Around 80 per cent of HESTA’s more than one million members are women. CEO of HESTA, Debby Blakey, said workplace sexual harassment was unacceptable.

HESTA CEO Debby Blakey

HESTA CEO, Debby Blakey. Image credit: HESTA

“At HESTA, we want to invest in companies that facilitate the equal participation of women and create cultures that fully harness the value of women, as we know that gender-diverse companies perform better across a range of metrics,” Ms Blakey said.

“Sexual harassment can create legal and financial risks, affect employee wellbeing and productivity, and damage a company’s reputation and social licence to operate – negatively impacting HESTA members’ retirement savings.”

While some mining companies are more progressed than others, Ms Blakey said that all those HESTA spoke to have initiated some level of activity or interventions to address workplace sexual harassment.

“Greater diversity strengthens our workplaces – and a greater representation of women in the Australian mining sector, especially in leadership roles, will benefit everyone,” Ms Blakey said.

“HESTA acknowledges that cultural and systemic change can take time, but our members expect momentum towards workplace gender equality.

“Our engagement with the mining sector contributes to outcomes that we believe are in members’ best financial interests.”

HESTA will seek future engagement with Australian mining companies to gauge how this issue is tackled.

This engagement with mining companies follows a similar approach undertaken with the sector concerning the protection of cultural heritage after the destruction at Juukan Gorge.

HESTA identified that protecting cultural heritage and respecting relationships with traditional owners were a potential systemic risk across the mining sector.The superannuation fund then engaged with relevant investee companies and developed an insights report it shared, providing a snapshot of current approaches, identifying gaps, and highlighting good practice examples. 

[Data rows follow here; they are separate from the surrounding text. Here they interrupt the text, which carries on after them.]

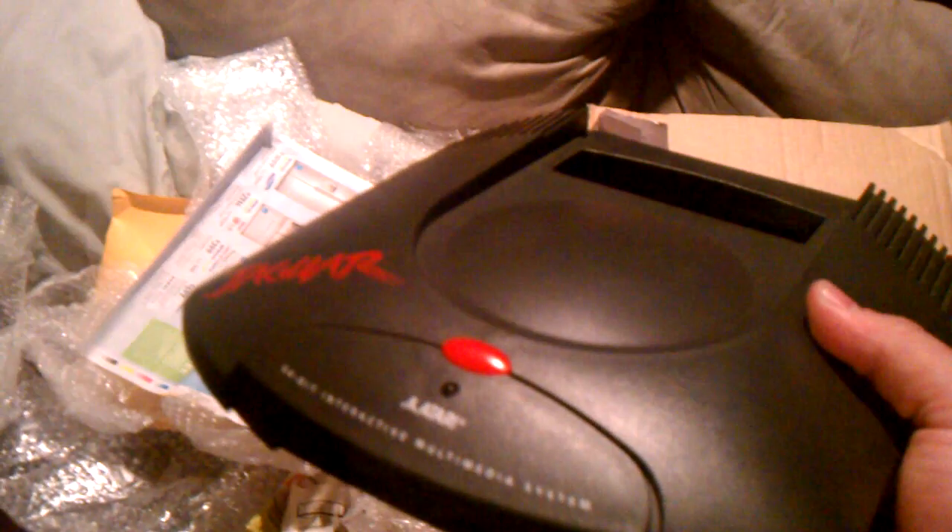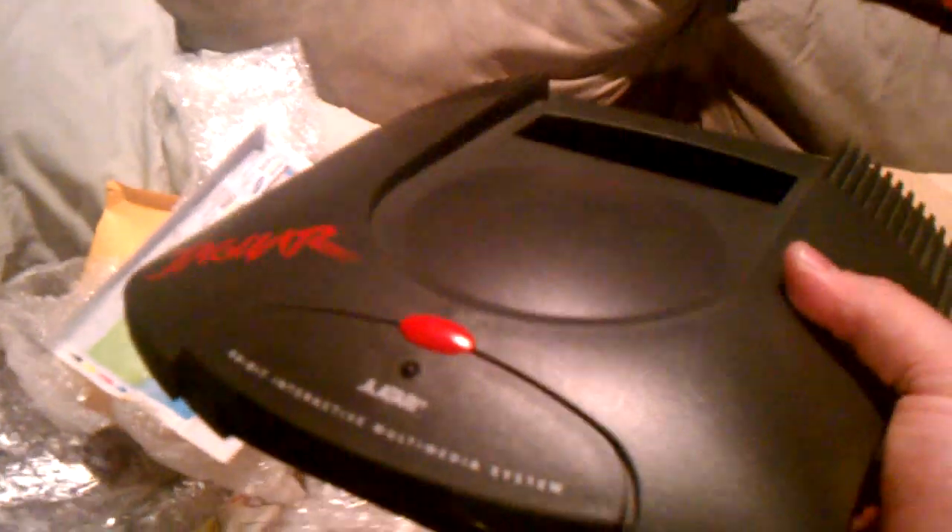So without further ado, we'll call it a day. Check us out at Gaming History 101 where, undoubtedly, I will be having some videos going live soon. Have a good one.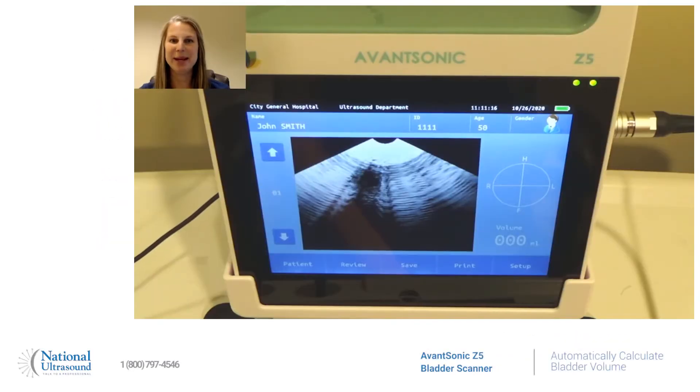Hi, my name is Jackie Klebeck. I've been a registered cardiac vascular and general sonographer for eight years. I'm here at National Ultrasound today on an Advansonic Z5 bladder scanner, and today I'm just going to show you how it works.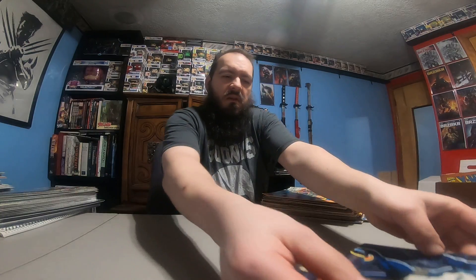Here we got Avengers 328, 329 — not too bad shape, a little spine roll going on — 330, 331. Adventures of Cyclops and Phoenix number 1, not too bad. Sleepwalker 1, not bad of a book.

HESTA subsequently helped create a set of investor standards to assist investors in identifying potential risks and effectively use engagement to better understand a company’s management and oversight of cultural heritage protection.

“This active ownership approach is an excellent example of how HESTA constructively engages across a sector to help drive change that can help mitigate systemic risk that may empact our members’ investments,” Ms Blakey said.

“The added advantage of this approach is that it provides a broader sector-wide perspective to the Boards and senior management of these companies, as well as also helping other investors to understand where potential risks may lie.”

Several companies within the Australian mining sector have become signatories to 40:40 Vision, an investor-led initiative that seeks to achieve gender balance in executive teams of ASX 300 companies by 2030.